Hou Fangyu (1618-1655) passou a sua juventude em Pequim, mas em 1639 foi fazer os exames imperiais a Nanquim e, tendo falhado devido ao modo crítico como se expressou no ensaio da prova, retornou ao Norte num desatinado vaivém entre o Sul e o Norte que acompanhou o acelerado crepúsculo da dinastia Ming, envolta em corrupção e laxismo.

Frequentando o sofisticado mundo literário da época, Hou Fangyu encontrou um dia em Nanquim, na margem do rio Qinhuai, numa casa chamada Meixiang Lou, onde se encontravam literatos com as chamadas geji, cantoras, dançarinas dedicadas à música, uma fascinante rapariga ainda com dezasseis anos e de múltiplos talentos, conhecida como Li Xiangjun, que no futuro seria associada às Qinhuai bayan, as «Oito belezas de Qinhuai» e entre eles nasceria uma relação que, tal como a dinastia, estava destinada ao fracasso.

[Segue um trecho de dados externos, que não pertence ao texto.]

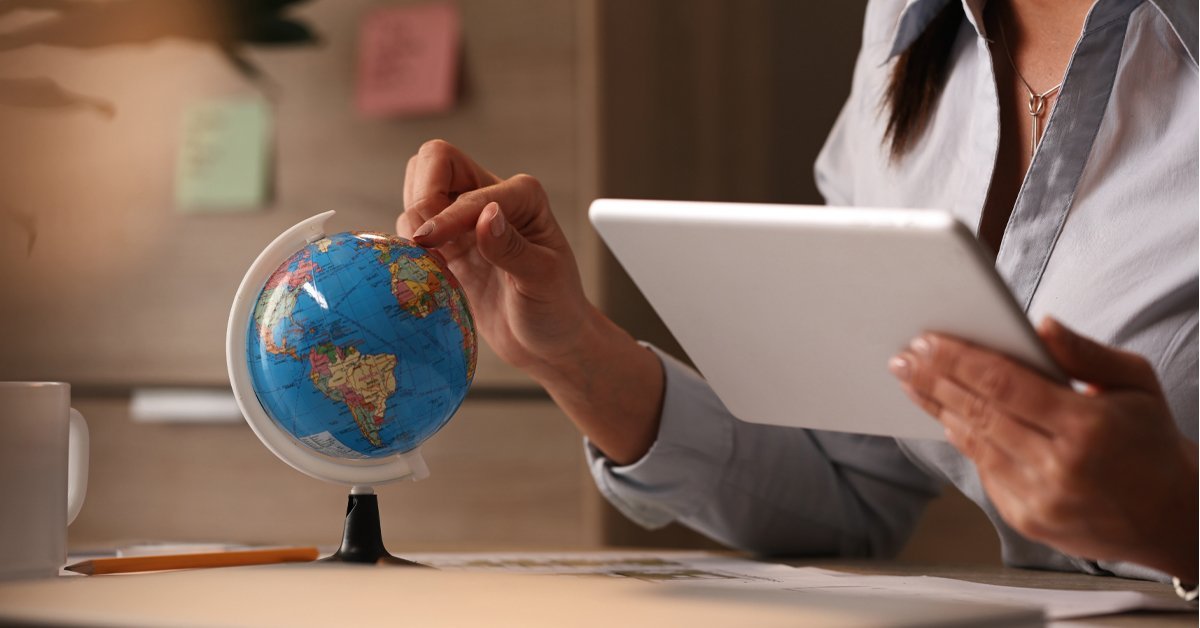 Woman holding a tablet and pointing at a globe on a desk, representing the growth of global market research across international markets
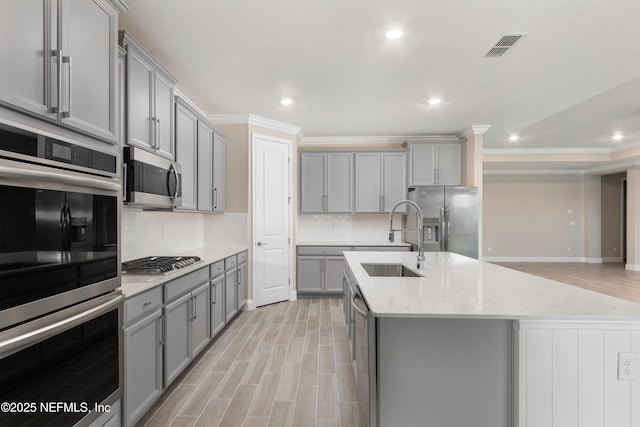 kitchen with appliances with stainless steel finishes, gray cabinets, a sink, and an island with sink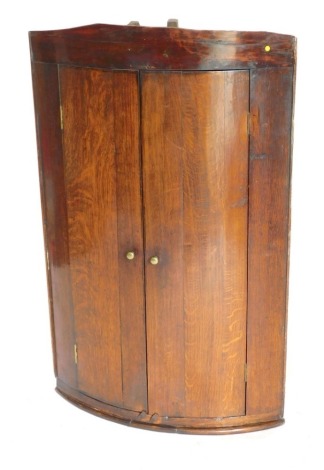 A 19thC oak and mahogany bowfront hanging corner cupboard, with turned brass handles, 94cm high, 59cm wide.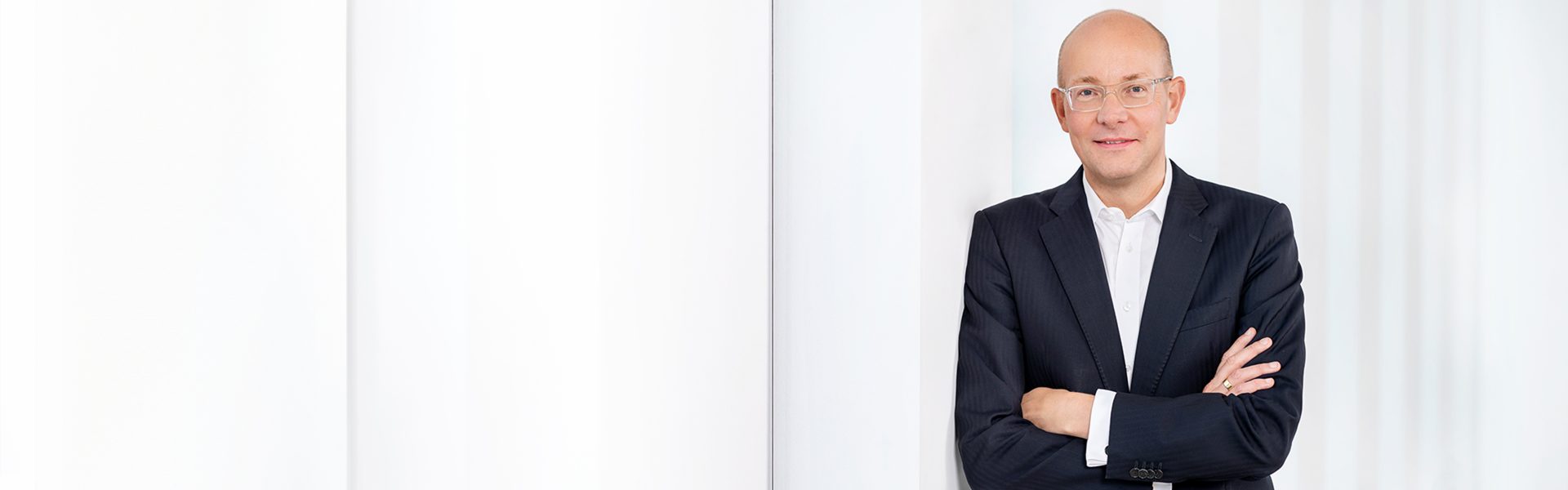 Die Aufnahme zeigt eine Person in einem dunklen Anzug mit gekreuzten Armen vor einem weißen Hintergrund.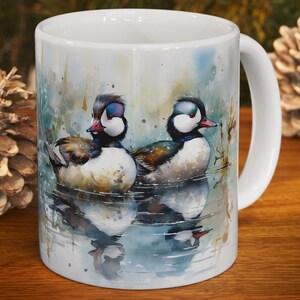 Könnte beinhalten: Weiße Keramiktasse mit einem Aquarellgemälde von zwei Mandarinenten auf einem See. Die Enten haben ein farbenfrohes Gefieder mit weißen, schwarzen und braunen Federn. Die Tasse hat einen weißen Henkel und ist für Heißgetränke geeignet.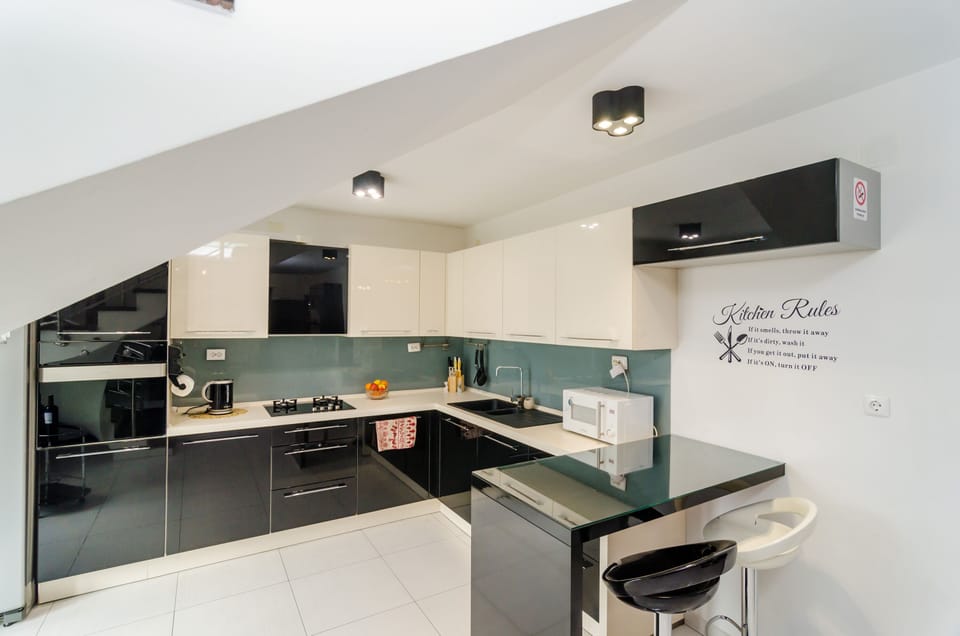 Apartment (Four Bedroom Duplex Apartment) | Private kitchen | Fridge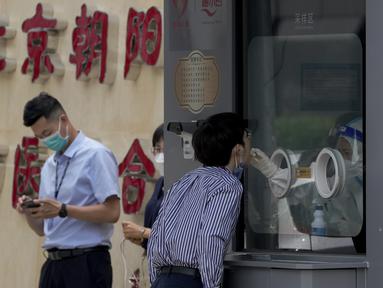 Seorang pekerja menjalani tes swab tenggorokan di fasilitas pengujian COVID-19 di Beijing, Senin (13/6/2022). Pejabat kesehatan kota mengatakan sejauh ini ada 166 kasus yang dikonfirmasi terkait dengan wabah yang dimulai di bar Heaven Supermarket di daerah Sanlitun pada Kamis, 9 Juni 2022. (AP Photo/Andy Wong)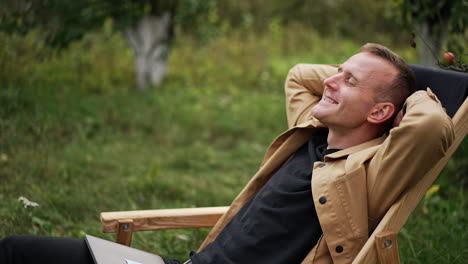 happy man relaxing and rejoicing sitting in the garden chair outdoors. caucasian male finished remote work on his laptop and sits smiling to the camera.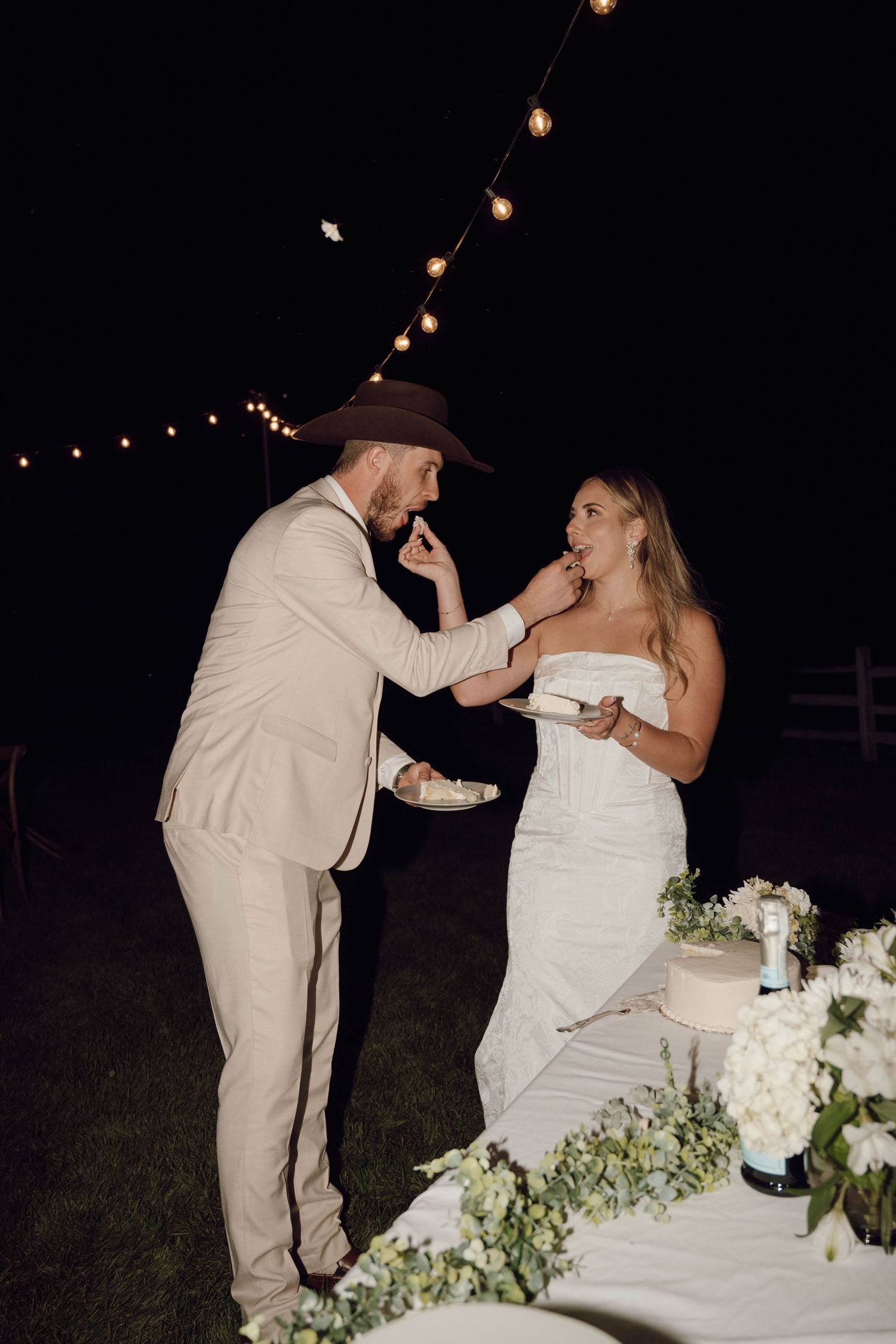 Newlyweds playfully feed each other wedding cake at an outdoor evening reception with string lights overhead.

Ela vinha de uma família de letrados em decadência vítima, como tantos outros, do despótico eunuco Wei Zhongxian (1588-1627). Logo no início do casamento Hou Fangyu ofereceu à sua noiva um objecto que, como um dispositivo independente da vontade, seria capaz de desencadear a memória nostálgica de momentos perdidos e felizes do passado. Nesse objecto, um tuanshan, um leque redondo rígido emoldurando um círculo de seda com um cabo de marfim, ligado à noção de união, Hou escreveu um poema para ela.

No meio da turbulência dos dias, Hou Fangyu foi forçado a ausentar-se e a noiva obrigada a viver com outro homem. Algo a que ela se negou, tentando o suicídio e no processo manchando de sangue o seu querido leque.

O pintor Yang Yuncong (1597-1645), em vista do sucedido, contornou com um pincel as manchas de sangue, delas fazendo flores de pessegueiro. O leque e essas flores cor-de-rosa e avermelhadas que desabrocham antes das folhas, e por um período breve, estão no título da peça musical Taohua shan, escrita por Kong Shangren (1646-1718), que eternizaria o intranquilo tempo da transição no fim dos Ming, figurado na fragilidade de uma relação de emoções exacerbadas.

Cui He (1800-1850), um pintor dos fins da dinastia Qing, recordaria a inspiradora Li Xiangjun num retrato imaginado, debruçada sobre uma janela circular com as cortinas levantadas (rolo vertical, tinta e cor sobre papel, 52,4 x 124,5 cm, no Metmuseum). Atrás dela é possível observar no seu gineceu; um espelho também redondo, um livro sobre a mesa, roupas sobre uma cadeira.

Em redor da janela, por cima, um salgueiro, alusão à saudade em baixo, ramos de flores brancas possivelmente meihua, traduzidas habitualmente como flores de ameixieira, que também podem ser designadas como li, o seu nome de família.

Só ultrapassa o círculo da janela, uma parte da manga do vestido e uma parte do leque redondo na sua mão, despontando das suas vestes pintado com o ramo de pessegueiro que fora manchas de sangue.